Either way, the ones benefiting from automation have to pay for the unskilled to survive.



> That's what I've been taught in school, but I'm not sure it's that simple. For one thing, I would say the jobs getting automated are less qualified, manual jobs. And new jobs opening up require more skills. But can we expect everyone to perform a highly skilled or intellectual job?

More importantly, if we were replacing less-skilled jobs that are being automated with more-skilled, higher-paying jobs at a 1:1 ratio, automation would be driving up production costs rather than controlling them, and there'd be no motivation to do it.


I think you are confused in the same way that people are confused who think that economic pie is fixed size.
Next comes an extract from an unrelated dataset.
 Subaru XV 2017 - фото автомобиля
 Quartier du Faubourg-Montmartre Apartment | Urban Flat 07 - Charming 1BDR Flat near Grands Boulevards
The point of automation is it would expand the overall economic pie so that those more skilled higher paying jobs would be necessary to do something that would not happen otherwise - and that something, whatever it is, would be useful and profitable


> The point of automation is it would expand the overall economic pie so that those more skilled higher paying jobs would be necessary to do something that would not happen otherwise

No, the point -- i.e., why firms adopt automation -- is to cut the production costs of the firms adopting automation.

The hoped for social benefit -- hoped for largely by people who aren't the ones adopting automation -- is of an expanded overall economy that not only provides aggregate growth but also distributes that growth in a nice manner so that not only does the mean income improve, but the total share of population productively employed stays the same or improves, and everyone does better.

There's no real reason to expect that is either likely as the near-term result of automation, or necessary as its long-term result as a result of pure market forces. And it is certainly not the point of automation from the point of view of the firms doing the automation.